For the finer artistic graces, also, and the structural subtilties of a
more developed literary period, we must not, of course, look in 'Béowulf.'
The narrative is often more dramatic than clear, and there is no thought of
any minuteness of characterization. A few typical characters stand out
clearly, and they were all that the poet's turbulent and not very attentive
audience could understand. But the barbaric vividness and power of the poem
give it much more than a merely historical interest; and the careful reader
cannot fail to realize that it is after all the product of a long period of
poetic development.

THE ANGLO-SAXON VERSE-FORM. The poetic form of 'Béowulf' is that of
virtually all Anglo-Saxon poetry down to the tenth century, or indeed to
the end, a form which is roughly represented in the present book in a
passage of imitative translation two pages below. The verse is unrimed, not
arranged in stanzas, and with lines more commonly end-stopped (with
distinct pauses at the ends) than is true in good modern poetry. Each line
is divided into halves and each half contains two stressed syllables,
generally long in quantity. The number of unstressed syllables appears to a
modern eye or ear irregular and actually is very unequal, but they are
really combined with the stressed ones into 'feet' in accordance with
certain definite principles. At least one of the stressed syllables in each
half-line must be in alliteration with one in the other half-line; and most
often the alliteration includes both stressed syllables in the first
halfline and the first stressed syllable in the second, occasionally all
four stressed syllables. (All vowels are held to alliterate with each
other.) It will be seen therefore that (1) emphatic stress and (2)
alliteration are the basal principles of the system. To a present-day
reader the verse sounds crude, the more so because of the harshly
consonantal character of the Anglo-Saxon language; and in comparison with
modern poetry it is undoubtedly unmelodious. But it was worked out on
conscious artistic principles, carefully followed; and when chanted, as it
was meant to be, to the harp it possessed much power and even beauty of a
vigorous sort, to which the pictorial and metaphorical wealth of the
Anglo-Saxon poetic vocabulary largely contributed.

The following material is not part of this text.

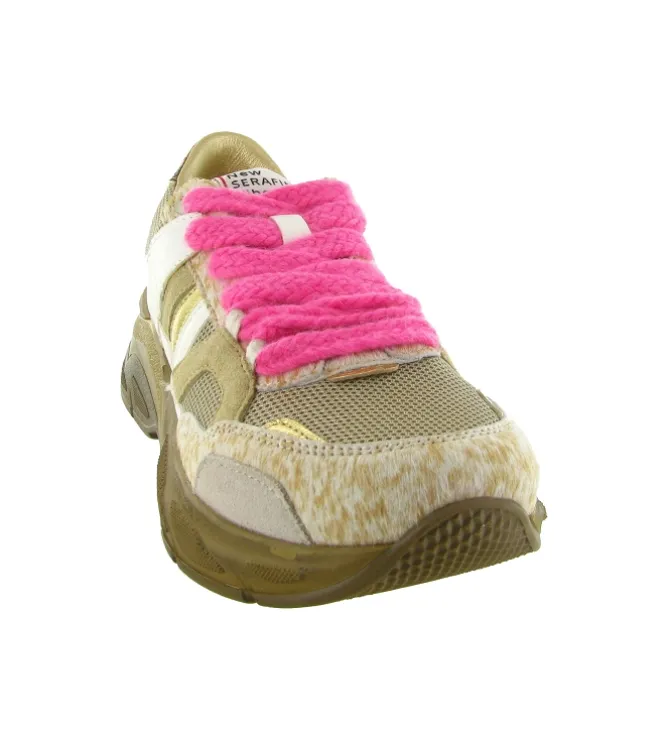 baskets et sneakers - Tendance - femme - Cuir - Beige - Serafini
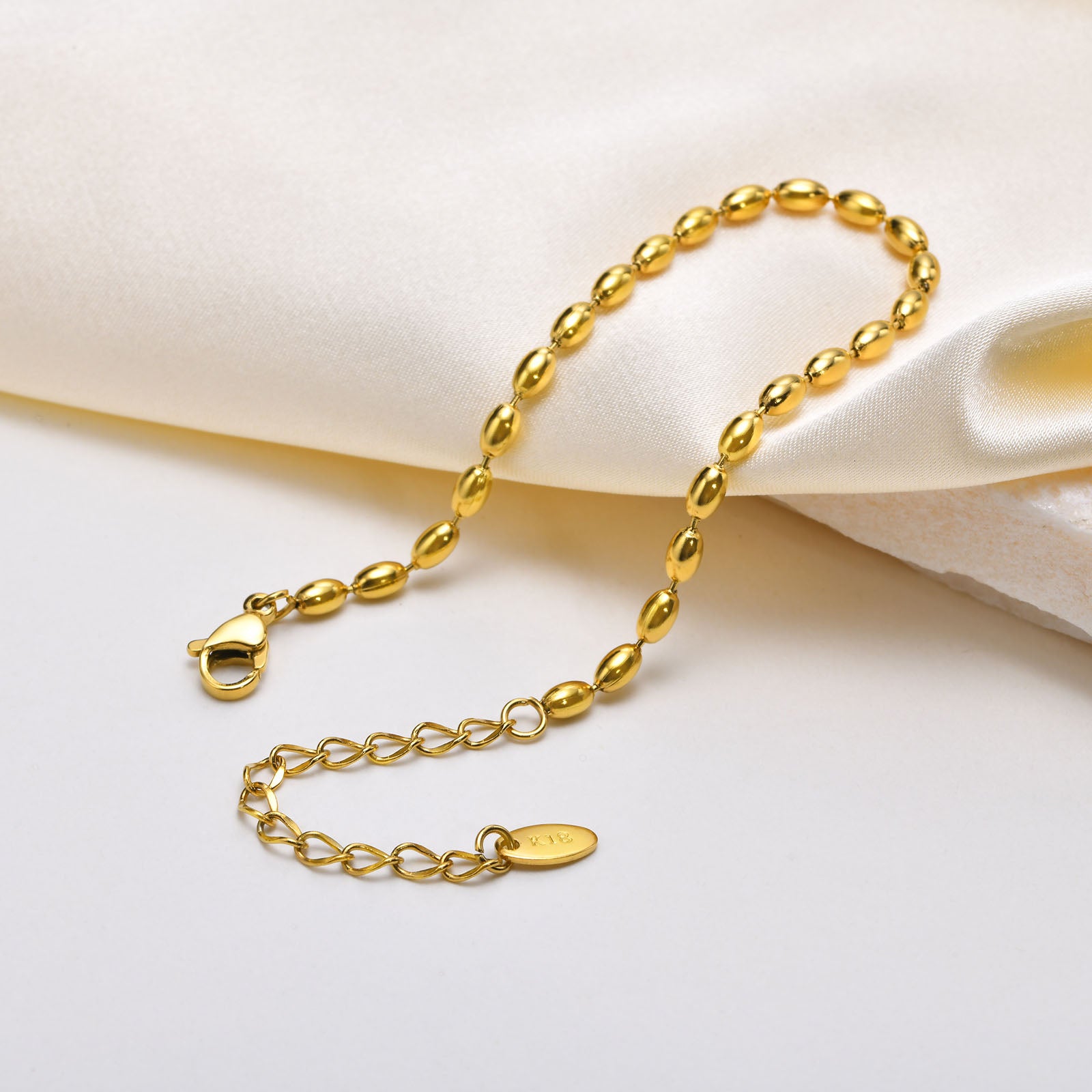 Pulseira Bolinhas Banhada a Ouro 18k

This last-named quality, the use of metaphors, is perhaps the most
conspicuous one in the _style_, of the Anglo-Saxon poetry. The
language, compared to that of our own vastly more complex time, was
undeveloped; but for use in poetry, especially, there were a great number
of periphrastic but vividly picturesque metaphorical synonyms (technically
called _kennings_). Thus the spear becomes 'the slaughter-shaft';
fighting 'hand-play'; the sword 'the leavings of the hammer' (or 'of the
anvil'); and a ship 'the foamy-necked floater.' These kennings add much
imaginative suggestiveness to the otherwise over-terse style, and often
contribute to the grim irony which is another outstanding trait.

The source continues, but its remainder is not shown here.